Instructions for the task: Omit pictures and quote the listing below line by line, from its start through the line that holds "Anzeigeleuchte Licht Amazone NA076".

= Beginning of Section =

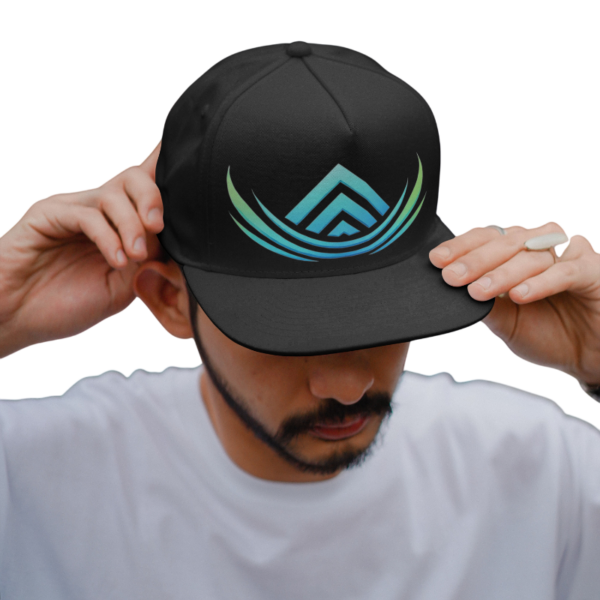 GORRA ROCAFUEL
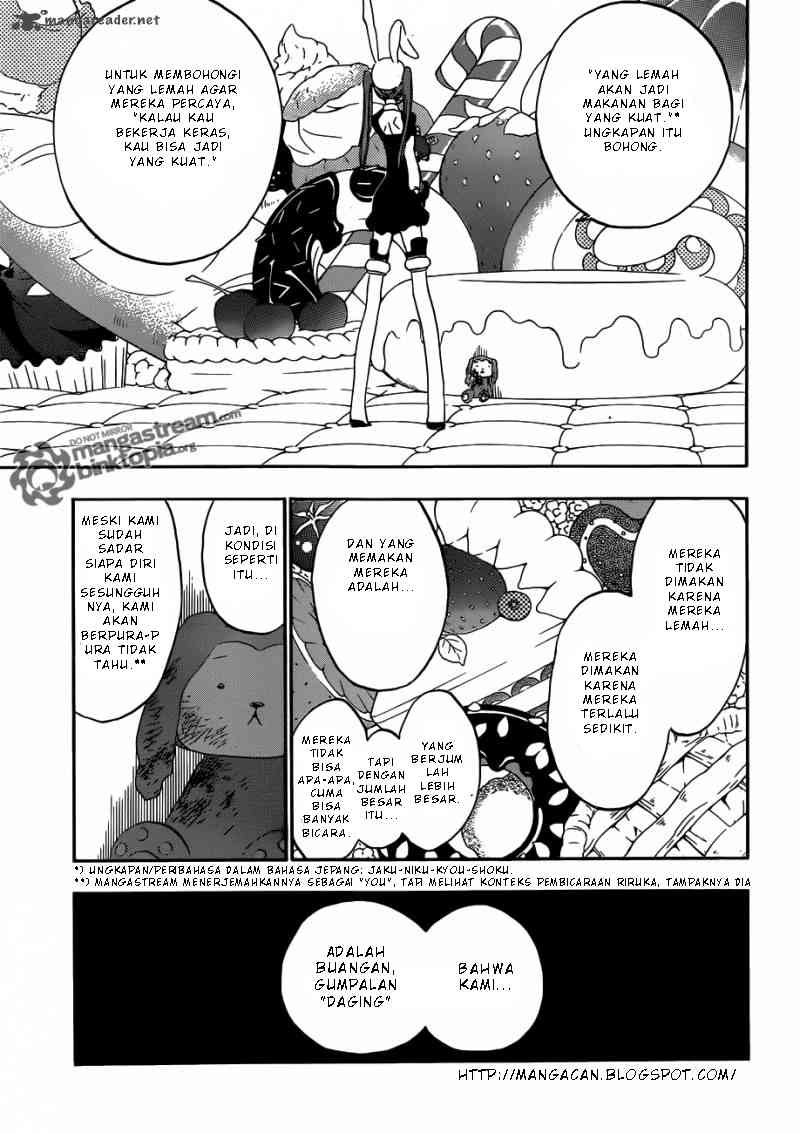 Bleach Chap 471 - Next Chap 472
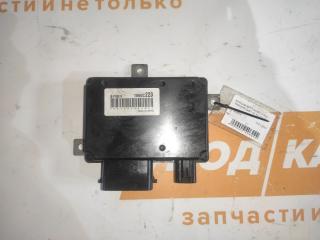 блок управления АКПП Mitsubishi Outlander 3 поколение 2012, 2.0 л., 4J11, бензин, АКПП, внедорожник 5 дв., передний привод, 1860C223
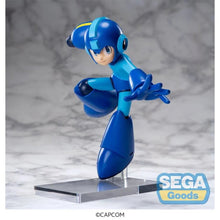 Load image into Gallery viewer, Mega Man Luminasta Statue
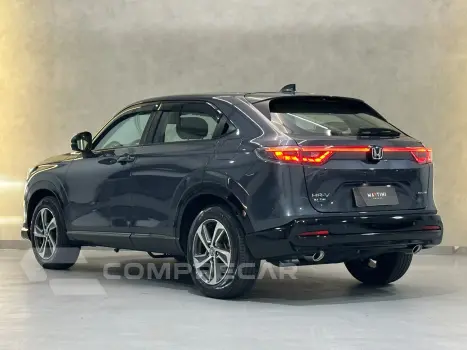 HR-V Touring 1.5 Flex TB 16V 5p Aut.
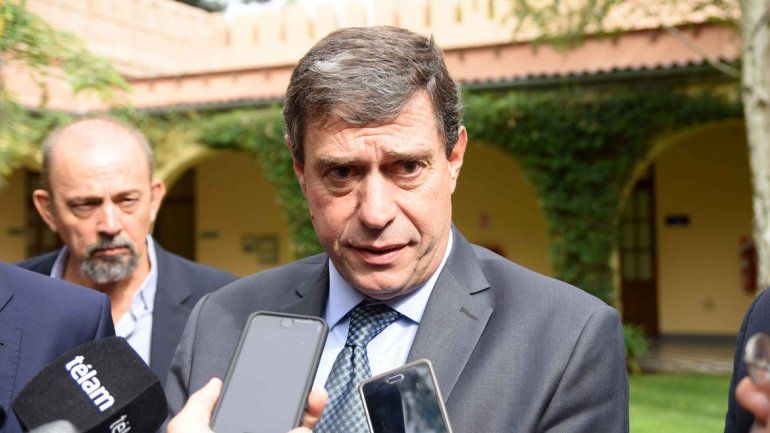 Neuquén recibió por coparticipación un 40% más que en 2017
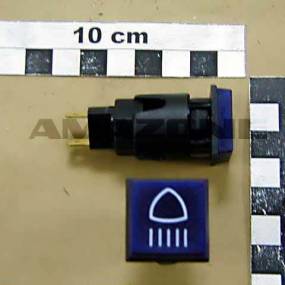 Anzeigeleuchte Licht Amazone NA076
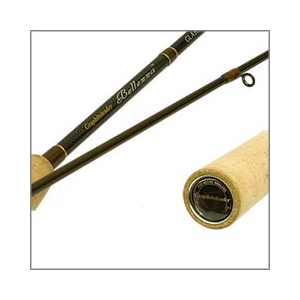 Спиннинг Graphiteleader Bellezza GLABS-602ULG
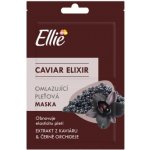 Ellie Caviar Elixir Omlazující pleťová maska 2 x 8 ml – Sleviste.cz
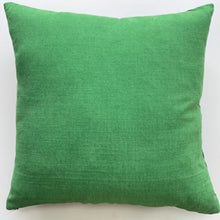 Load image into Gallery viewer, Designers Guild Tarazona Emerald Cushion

= End of Section =

Output of the task:
 GORRA ROCAFUEL
 Bleach Chap 471 - Next Chap 472
 блок управления АКПП Mitsubishi Outlander 3 поколение 2012, 2.0 л., 4J11, бензин, АКПП, внедорожник 5 дв., передний привод, 1860C223
 Load image into Gallery viewer, Mega Man Luminasta Statue
 HR-V Touring 1.5 Flex TB 16V 5p Aut.
 Neuquén recibió por coparticipación un 40% más que en 2017
 Anzeigeleuchte Licht Amazone NA076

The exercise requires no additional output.